The “loss triangle,” or loss-development triangle, is a forecasting tool used by finance departments at every insurer or reinsurer. It’s important because many insurance claims aren’t one-time events: the company still pays monthly claims against a three-year-old disability accident, for example. By showing how losses develop over time, loss triangles help an insurer forecast what it can expect to be paying for old claims, so it can maintain the legally required level of reserves.
At NLC Mutual, loss triangles summarize an immense amount of information: they include the claims histories of up to eight different forms of insurance from every municipal group across each of our 28 member states. We formerly employed a specialist to prepare them, using software written in the 1980s. The process was really slow, and had to be double-checked to avoid errors, but we got by. Inevitably, though, the specialist retired, and we needed to find an alternative.

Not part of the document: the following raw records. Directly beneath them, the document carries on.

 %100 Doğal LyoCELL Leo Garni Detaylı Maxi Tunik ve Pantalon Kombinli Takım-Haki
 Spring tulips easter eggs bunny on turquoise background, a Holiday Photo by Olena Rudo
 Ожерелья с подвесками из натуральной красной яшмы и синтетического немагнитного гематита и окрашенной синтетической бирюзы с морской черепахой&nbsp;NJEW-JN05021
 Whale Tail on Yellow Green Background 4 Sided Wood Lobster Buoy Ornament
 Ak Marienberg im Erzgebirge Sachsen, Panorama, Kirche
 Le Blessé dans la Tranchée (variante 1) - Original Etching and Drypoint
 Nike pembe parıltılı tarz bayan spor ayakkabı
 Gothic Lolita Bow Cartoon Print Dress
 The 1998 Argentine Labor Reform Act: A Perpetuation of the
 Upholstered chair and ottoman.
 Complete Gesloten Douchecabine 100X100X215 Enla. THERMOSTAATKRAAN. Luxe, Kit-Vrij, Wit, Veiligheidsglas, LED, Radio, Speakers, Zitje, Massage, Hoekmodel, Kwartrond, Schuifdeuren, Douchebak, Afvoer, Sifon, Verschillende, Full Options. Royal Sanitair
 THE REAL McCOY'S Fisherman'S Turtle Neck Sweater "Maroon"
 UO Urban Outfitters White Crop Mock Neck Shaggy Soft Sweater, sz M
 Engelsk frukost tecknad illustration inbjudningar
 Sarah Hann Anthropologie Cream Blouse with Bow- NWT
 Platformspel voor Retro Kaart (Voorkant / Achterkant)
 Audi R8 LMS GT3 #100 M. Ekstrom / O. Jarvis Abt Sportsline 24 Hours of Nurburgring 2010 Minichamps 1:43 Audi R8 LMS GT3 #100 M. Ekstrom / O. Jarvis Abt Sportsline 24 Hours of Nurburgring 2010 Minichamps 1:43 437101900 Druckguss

But since our clients now report their results to us using Domo, we had an opportunity to rebuild our loss triangles from the ground up. We used Domo’s Magic ETL and Pivot Table card, applying the “as of” and “past date” functions to automate the entire process.
Our loss tables now run much more quickly, and we can be confident that we haven’t introduced any errors. Once the formatting is set up, it takes care of itself, and changes are easy to make. Best of all, the reports are finally running on modern operating systems, so we won’t have to worry about obsolescence for a long time.
Our new loss tables are more flexible, too: it’s easy to filter the data so we can look at individual date ranges, for example. Once we started using Domo for reporting, just about everyone who saw it in operation suggested a new way to apply it. It really is a technology that transforms a business, even a traditional one like ours.